リリー・ソング
この人も明らかにさっきよりテンションが高い。
「あの、朝比奈さん、私…」
「いやもう紺って呼んでよ、水臭いな! あっ、マネージャーさんですか? どうも初めまして、Glintishの朝比奈紺です。」
だけど傍らの榎木さんに気づいて、しっかり挨拶している。
「初めまして、榎木と申します。美山深夜のマネージャーもしております。この度は…」
「ああ、美山さんの! よろしくお願いします、俺本当に楽しみで。あ、よかったら、映画のほうの親睦会にいらっしゃってください、美山さんとリリーさんも一緒に。
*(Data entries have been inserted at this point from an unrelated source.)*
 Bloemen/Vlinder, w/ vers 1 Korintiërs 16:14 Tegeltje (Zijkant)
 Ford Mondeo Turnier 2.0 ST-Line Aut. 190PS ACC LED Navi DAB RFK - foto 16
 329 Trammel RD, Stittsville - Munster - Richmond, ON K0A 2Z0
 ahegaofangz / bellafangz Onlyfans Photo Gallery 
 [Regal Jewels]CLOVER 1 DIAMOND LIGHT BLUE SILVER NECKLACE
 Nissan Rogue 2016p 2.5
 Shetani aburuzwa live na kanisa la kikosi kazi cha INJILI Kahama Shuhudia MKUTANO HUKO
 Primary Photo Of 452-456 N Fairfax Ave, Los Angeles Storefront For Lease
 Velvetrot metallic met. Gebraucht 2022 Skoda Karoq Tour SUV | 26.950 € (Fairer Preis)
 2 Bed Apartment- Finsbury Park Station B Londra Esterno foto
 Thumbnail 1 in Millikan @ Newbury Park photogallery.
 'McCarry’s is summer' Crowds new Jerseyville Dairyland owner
」
榎木さんの名刺を受け取り、朝比奈さんが怒涛の勢いで喋る。
「で、あの俺、リリーさんの連絡先とか聞いちゃってもいいっすか、榎木さん的には?」
「は? ええまあ健全なお友達付き合いでしたら…」
「あ、やっぱ恋愛禁止すか、ですよね、天下のLilyですもんね!」
「いや、むしろ恋愛NGはそちら…」
「いいんです! とりあえずほらリリー、携帯出して!」
「あ、はい…」
「ちなみに、今夜メンバーとスタッフで飲みに行きますけど、どうすか、よければ榎木さんも。」
「あー、いえ、今夜は…」
「わっかりました、じゃあまた連絡するねリリー、お疲れ! 美山さんによろしく!」
まくし立てるだけまくし立てて、朝比奈さんは突風のように去っていった。
「………」
私は携帯を手にしたまま呆然としてそれを見送り、榎木さんでさえもちょっと言葉を失っている。